I am using prometheus and grafana to monitor some servers. One of the metrics I have exposed is called recent_tables, which contains the number of assets who have written to sql tables in the past 15 minutes (machines automatically post to sql). It's labels are table, job, and status_code. I also have metric online_assets, which has the amount of assets that are online. Its labels are cluster_id, db_host, and job.

I am trying to make an alert for when < 90% of online assets have written to sql tables recently. Before I write the alert, I am trying to get a panel in grafana to populate the data and eventually transition this to an alertmanager expr. The following queries do not work, and I don't understand why:

recent_tables < online_assets * 0.9

sum(recent_tables) by (table) < online_assets * 0.9

However, the following query works:

sum(recent_tables{table="<table>"}) - sum(online_assets)

I do not want to have to make an alert based on every table (this is possible through ansible), but I would like to understand if there is a way to get multiple vectors out of the same query.

1
In order to make an informed answer, we would need the labels of each metric.

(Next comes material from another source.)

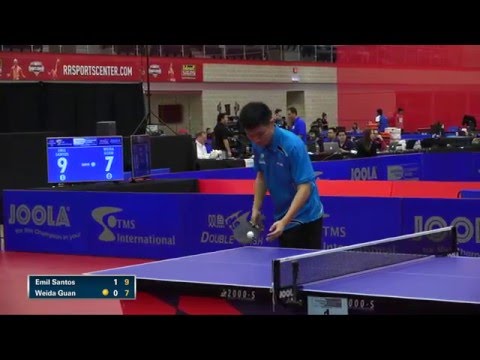 2016 NCTTA Nationals Men's Singles R16 - Emil Santos (Wesleyan) vs Weida Guan (Ohlone)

Best would be a sample.Michael Doubez
Hi Michael, live_assets have cluster_id, db_host, and job labels. Ex; live_assets{cluster_id="east", db_host="pgserver1", job="live_asset_count"} 2000. recent_tables has labels job, status_code, and table. Ex; recent_tables{table="user_accounts", status_code=200, job="recent_user_accounts"} 1500py_guy_5
AFAIS, there is no way to relate a table with the corresponding number of assets. What do you want to compare and on which dimension ? You have to indicate to the operators how to match elements (using ON()). And if there are more elements on one side, you have to indicate it with group_left or group_right.Michael Doubez
You were exactly right, I wish I could upvote this response. The query I needed was: sum(recent_tables) by (table) - ignoring(table) group_left() sum(live_assets) * 0.9 < 0. I am sure this can be simplified but this will do for now. I was missing the fact that metrics with uneven labels could not be merged. Thank you!py_guy_5

1 Answers

0
votes

As Michael Doubez pointed out, you cannot have unbalanced label dimensions when making queries.

I ended up with the following: sum(recent_tables) by (table) - ignoring(table) group_left() sum(live_assets) * 0.9 < 0

This accounts for the mismatch in dimensions but there may be a cleaner way.